Speaking after the ‘Quarantine Raves’ in Greater Manchester a fortnight ago, Chief Constable Ian Hopkins said police had restricted their involvement to ‘careful monitoring’ even though it was clear ‘some of the behaviour was appalling; some of this was no partying — this was people going out of their way to commit crime’.

‘Once these things start it is almost impossible to stop them given the number of people that were there and the number of officers available. It would have been a very serious situation and many people, including my officers, would have been badly injured I believe.’

Cllr Pat Karney adds: ‘These events are dangerous. We are doing everything to stop them. This includes targeting the DJs and the music shops selling them generators.’

Last week, senior police and local authority figures told me that the forces at work are widespread and complex. While some promoters are no doubt driven by criminal motives, others are clearly diehard music lovers who simply refuse to abide by lockdown rules any longer. Entertainment industry insiders say that with nightclubs now defunct it was inevitable that young people would gravitate to illegal open- air events.

‘If more and more go out of business, it’s no wonder people get pushed towards an illegal alternative,’ says Kate Nicholls, chief executive of UK Hospitality.

‘If the UK loses its nightclubs, raves are only going to become more commonplace. This highlights the need for a flourishing late-night sector where customers can enjoy themselves legally in a supervised environment.’

Assistant Chief Constable of Kent Police, Nikki Faulconbridge, said: ‘While it is understandable that people should miss being able to visit nightclubs, festivals and concerts at this difficult time, that is no excuse for anyone who might be thinking about organising an unlicensed music event.’ But where some events are masterminded by criminals and others are apparently spontaneous, the event I attended in Woolwich was organised by a little-known independent record label and extraordinarily well organised.

A contactless card payment machine was being used on the door. All those attending were asked to provide ID and given wrist bands before they were allowed to enter inside.

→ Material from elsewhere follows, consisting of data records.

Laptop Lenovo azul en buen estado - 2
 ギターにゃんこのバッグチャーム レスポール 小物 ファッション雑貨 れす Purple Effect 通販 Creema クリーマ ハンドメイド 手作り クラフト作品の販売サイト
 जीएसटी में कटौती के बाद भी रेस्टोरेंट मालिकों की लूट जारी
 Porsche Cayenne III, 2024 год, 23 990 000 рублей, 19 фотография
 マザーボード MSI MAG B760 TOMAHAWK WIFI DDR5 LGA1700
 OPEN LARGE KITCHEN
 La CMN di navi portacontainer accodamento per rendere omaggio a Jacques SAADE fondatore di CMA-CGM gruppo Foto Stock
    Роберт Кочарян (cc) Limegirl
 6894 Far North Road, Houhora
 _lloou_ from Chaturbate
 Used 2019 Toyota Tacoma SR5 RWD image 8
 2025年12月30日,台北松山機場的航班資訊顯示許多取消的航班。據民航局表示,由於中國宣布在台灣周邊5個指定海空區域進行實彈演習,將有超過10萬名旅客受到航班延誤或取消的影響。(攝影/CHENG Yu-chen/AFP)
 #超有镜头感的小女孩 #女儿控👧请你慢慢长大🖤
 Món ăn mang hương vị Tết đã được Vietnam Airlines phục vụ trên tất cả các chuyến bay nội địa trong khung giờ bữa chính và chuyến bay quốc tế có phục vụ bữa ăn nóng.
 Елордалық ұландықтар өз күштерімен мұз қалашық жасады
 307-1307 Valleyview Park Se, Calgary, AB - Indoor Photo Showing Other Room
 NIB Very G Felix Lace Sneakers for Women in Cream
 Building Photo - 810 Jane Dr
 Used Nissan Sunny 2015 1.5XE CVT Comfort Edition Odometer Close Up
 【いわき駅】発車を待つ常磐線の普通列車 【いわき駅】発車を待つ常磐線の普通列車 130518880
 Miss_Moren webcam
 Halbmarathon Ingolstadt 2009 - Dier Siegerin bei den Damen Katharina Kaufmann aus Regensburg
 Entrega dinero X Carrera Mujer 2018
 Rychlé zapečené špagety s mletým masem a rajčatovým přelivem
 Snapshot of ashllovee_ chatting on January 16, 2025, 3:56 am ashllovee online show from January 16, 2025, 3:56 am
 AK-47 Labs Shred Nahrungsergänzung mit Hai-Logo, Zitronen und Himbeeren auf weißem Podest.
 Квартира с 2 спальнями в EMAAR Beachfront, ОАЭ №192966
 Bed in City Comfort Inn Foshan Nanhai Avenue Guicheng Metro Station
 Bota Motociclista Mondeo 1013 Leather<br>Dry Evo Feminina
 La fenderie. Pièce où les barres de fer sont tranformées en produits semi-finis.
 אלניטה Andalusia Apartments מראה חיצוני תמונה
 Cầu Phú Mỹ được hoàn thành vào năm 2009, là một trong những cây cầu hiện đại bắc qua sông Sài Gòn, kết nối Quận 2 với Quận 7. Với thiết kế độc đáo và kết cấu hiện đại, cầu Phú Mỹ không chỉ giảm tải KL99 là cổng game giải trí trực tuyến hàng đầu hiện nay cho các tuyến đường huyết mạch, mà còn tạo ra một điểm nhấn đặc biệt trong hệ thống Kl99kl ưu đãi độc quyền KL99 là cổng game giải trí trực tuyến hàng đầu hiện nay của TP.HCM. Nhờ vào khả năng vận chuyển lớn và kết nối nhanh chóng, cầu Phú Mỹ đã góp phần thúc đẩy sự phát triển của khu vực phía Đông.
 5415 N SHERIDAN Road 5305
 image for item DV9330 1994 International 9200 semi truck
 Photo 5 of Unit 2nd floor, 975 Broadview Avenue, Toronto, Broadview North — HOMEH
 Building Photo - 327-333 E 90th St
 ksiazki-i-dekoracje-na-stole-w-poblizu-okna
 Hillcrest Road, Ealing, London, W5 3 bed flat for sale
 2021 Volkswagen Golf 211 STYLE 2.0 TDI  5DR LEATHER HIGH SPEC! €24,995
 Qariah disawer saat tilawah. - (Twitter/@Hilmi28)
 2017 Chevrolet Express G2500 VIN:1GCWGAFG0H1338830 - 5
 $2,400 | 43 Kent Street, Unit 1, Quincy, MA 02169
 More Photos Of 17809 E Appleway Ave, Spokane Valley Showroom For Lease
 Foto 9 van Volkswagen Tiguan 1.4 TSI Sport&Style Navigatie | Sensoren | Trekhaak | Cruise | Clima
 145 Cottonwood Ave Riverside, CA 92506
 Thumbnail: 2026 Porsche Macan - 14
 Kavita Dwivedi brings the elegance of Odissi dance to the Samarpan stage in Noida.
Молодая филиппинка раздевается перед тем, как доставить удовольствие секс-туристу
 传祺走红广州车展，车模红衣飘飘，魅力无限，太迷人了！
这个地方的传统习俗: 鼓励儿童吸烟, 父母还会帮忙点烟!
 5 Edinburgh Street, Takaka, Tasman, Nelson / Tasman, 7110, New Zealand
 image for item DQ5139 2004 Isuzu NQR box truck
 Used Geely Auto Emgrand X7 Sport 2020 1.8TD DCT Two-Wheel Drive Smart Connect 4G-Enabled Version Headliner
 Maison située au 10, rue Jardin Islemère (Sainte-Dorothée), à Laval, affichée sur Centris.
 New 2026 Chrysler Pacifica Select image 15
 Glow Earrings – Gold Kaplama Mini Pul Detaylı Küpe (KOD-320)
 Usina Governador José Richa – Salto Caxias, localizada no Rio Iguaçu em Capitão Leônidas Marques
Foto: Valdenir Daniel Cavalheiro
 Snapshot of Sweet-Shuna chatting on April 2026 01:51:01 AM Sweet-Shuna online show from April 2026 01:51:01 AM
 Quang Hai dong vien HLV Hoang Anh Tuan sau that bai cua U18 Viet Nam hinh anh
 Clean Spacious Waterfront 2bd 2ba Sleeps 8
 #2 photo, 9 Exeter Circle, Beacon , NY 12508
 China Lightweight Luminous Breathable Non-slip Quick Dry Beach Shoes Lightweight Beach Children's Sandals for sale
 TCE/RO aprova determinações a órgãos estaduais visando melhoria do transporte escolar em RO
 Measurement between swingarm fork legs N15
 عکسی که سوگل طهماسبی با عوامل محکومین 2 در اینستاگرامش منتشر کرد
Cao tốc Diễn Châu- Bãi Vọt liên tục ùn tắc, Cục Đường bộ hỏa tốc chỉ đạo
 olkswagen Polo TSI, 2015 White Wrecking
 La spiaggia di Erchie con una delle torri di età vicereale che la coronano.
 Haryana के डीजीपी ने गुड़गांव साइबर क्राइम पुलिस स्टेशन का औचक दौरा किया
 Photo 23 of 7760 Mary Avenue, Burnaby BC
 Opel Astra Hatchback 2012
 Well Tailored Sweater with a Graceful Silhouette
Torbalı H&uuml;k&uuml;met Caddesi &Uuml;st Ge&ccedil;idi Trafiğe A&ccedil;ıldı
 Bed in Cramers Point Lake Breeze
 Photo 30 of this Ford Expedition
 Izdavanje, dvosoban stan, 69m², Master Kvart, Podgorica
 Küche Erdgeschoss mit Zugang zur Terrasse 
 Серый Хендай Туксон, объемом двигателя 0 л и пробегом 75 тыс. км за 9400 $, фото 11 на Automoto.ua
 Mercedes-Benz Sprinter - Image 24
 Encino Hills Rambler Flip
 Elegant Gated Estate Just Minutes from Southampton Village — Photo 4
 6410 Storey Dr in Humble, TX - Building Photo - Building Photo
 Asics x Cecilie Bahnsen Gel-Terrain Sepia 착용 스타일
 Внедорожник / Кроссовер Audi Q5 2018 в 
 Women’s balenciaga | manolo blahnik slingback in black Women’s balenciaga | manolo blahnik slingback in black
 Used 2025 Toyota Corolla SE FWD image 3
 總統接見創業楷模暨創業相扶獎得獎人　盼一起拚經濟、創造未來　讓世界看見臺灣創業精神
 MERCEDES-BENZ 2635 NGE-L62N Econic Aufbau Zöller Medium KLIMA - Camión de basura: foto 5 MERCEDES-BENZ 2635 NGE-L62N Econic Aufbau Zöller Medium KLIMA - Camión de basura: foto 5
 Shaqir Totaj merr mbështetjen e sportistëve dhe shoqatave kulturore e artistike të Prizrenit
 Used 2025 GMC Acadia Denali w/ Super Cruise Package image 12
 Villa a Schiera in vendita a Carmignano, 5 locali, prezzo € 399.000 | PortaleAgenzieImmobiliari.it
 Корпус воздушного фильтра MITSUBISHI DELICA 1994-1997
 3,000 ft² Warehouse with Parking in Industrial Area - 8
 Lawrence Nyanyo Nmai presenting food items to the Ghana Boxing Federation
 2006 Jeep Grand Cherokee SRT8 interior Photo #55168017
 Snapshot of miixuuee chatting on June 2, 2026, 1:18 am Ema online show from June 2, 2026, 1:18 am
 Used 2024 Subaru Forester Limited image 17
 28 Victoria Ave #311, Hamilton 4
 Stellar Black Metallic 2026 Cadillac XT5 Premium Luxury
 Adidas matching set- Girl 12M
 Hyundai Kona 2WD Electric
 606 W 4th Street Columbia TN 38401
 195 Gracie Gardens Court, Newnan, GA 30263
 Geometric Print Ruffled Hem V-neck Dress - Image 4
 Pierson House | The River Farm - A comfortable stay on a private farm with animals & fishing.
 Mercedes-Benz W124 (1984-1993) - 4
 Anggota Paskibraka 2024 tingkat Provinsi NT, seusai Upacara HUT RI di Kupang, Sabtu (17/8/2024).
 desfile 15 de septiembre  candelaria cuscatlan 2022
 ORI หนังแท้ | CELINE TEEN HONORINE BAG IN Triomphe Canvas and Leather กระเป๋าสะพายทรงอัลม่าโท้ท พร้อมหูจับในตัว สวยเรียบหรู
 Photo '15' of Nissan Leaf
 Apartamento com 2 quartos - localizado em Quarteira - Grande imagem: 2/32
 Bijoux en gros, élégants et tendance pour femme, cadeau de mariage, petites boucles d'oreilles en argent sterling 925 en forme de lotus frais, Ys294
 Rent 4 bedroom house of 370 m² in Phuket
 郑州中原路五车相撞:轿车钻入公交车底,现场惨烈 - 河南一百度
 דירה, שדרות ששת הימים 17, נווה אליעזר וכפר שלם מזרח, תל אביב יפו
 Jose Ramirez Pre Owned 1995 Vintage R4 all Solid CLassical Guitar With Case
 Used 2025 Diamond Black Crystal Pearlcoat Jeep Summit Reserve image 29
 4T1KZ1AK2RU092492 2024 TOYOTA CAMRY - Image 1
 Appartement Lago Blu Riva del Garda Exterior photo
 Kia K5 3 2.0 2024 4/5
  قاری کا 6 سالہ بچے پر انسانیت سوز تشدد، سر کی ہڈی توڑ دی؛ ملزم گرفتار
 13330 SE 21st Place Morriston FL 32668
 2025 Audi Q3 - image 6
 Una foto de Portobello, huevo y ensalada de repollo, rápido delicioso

Event organisers had even hired security for the all-night event which, in the end, passed off without incident.

I found myself standing next to a man in his late 20s who said he’d travelled down from Leicester —where high infection rates led to a localised tightening of lockdown restrictions last week. ‘I’ve been partying since Thursday,’ he told me. ‘My friend didn’t want to come out and I didn’t want to miss this so I came alone.’

The girlfriend of a man selling nitrous oxide balloons told me that they were in Manchester the previous weekend, attending two other mass gatherings.

‘I think we’re in for a summer of this,’ she said.

Indeed, officers say they have received intelligence reports warning of a summer of ‘giant raves’.

When told about the illegal rave I attended within its local authority, a Royal Borough of Greenwich spokesman said the ‘police are being extra vigilant after a growing number of unlicensed music events, block parties and illegal gatherings are taking place … as we enter the summer season.’

Two weekends ago in Gravesend in Kent 200 people gathered in woodland around the village of Vigo to dance the night away. Forty miles away, two people were stabbed at a rave on Leys-down beach.

Two arrests were made ahead of an event that was planned for last weekend, but police admit they are fighting a losing battle.

They are still hunting for five DJs involved in organising an event at Boggart Hole Clough, an ancient woodland in north Manchester.

The rave was due to take place on Saturday and promised competitions for a chance to win a cash prize and the attendance of a special guest.

It was prevented from going ahead by a combination of police, security and councillors who patrolled the site all day and into the early morning.

But as Britain’s lost summer heats up it seems for every event the police shut down, another is being organised to replace it.